To continue the functions of the Foreign Intelligence Section in any other way except under the control of CIG would be very difficult. This Section has never had complete facilities or personnel to do its own collection; it has assembled intelligence material collected by other agencies, and correlated data from the Manhattan District. Its primary purpose is to secure a maximum of information and to interpret that information as to what is going on in the atomic energy field in foreign nations, with particular emphasis on the rate of progress of other nations in catching up with the United States’ position and on determining estimates of resources of uranium where such information cannot be accurately obtained through the normal channels of Manhattan District. As a dissemination agency this Section has been prepared to act only as it was deemed necessary to supply information to other agencies. In the event it should find any indication of a foreign nation being in advance of us technically, it would of course promptly convey such information to those portions of the Manhattan Project to whom it would be of interest. Overseas its mission has been limited to liaison with Military Attaches, with Headquarters, United States Forces, European Theater (USFET) and with British Intelligence. Through the Intelligence link, and only through that link, can the very productive cooperation with British Intelligence continue. I have long thought that the C.I.G. has the best resources for this intelligence collection and dissemination and for procuring and retaining personnel capable of serving the Atomic Energy Program in the future. It would be a mistake to use the present limited Manhattan resources based upon informal liaison with the State, War and Navy Departments or any organization set up with the A.E.C. This is especially true since the C.I.G. already controls the Strategic Services Unit and is assured of cooperation with British Intelligence.

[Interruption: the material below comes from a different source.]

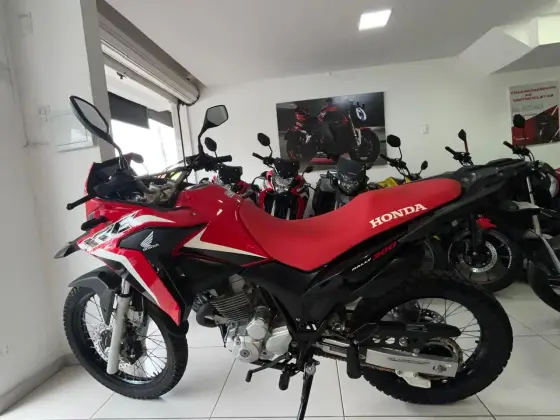 HONDA XRE 300 RALLY HONDA XRE 300 RALLY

The experience of my Foreign Intelligence Section and the mission and operation of the C.I.G. logically place them together, but future cooperation between C.I.G. and the A.E.C. will be absolutely necessary in the best interests of the country. The specialized Foreign Intelligence Section would be the best instrument to provide this coordinated effort. Continued access to the Commission sites and discussions between individuals already recognized on the working level are important in order to avoid an inordinate number of middle men and inefficient delays. Security demands that the liaison have the appropriate authority and control.
I feel that:
The Foreign Intelligence Section should be an integral part of the C.I.G.
The Foreign Intelligence Section should be the routine channel of liaison between the C.I.G. and the A.E.C.
The C.I.G. should collect and furnish all available information with respect to ore deposits and discoveries, mining activities, scientific development or other subjects from foreign countries needed in the work of the A.E.C. as desired by that latter body.
Representatives of the Foreign Intelligence Section in the C.I.G. should be permitted to visit sites in the United States, to consult with individuals and to receive technical papers of the A.E.C. as may be arranged.
L. R. Groves 1

Major General, U.S.A.
  1. Source: Central Intelligence Agency Historical Files, HS/HC–208. Secret. The source text is a copy transcribed for the CIA Historical Staff on January 14, 1954.
  2. Printed from a copy that bears this typed signature.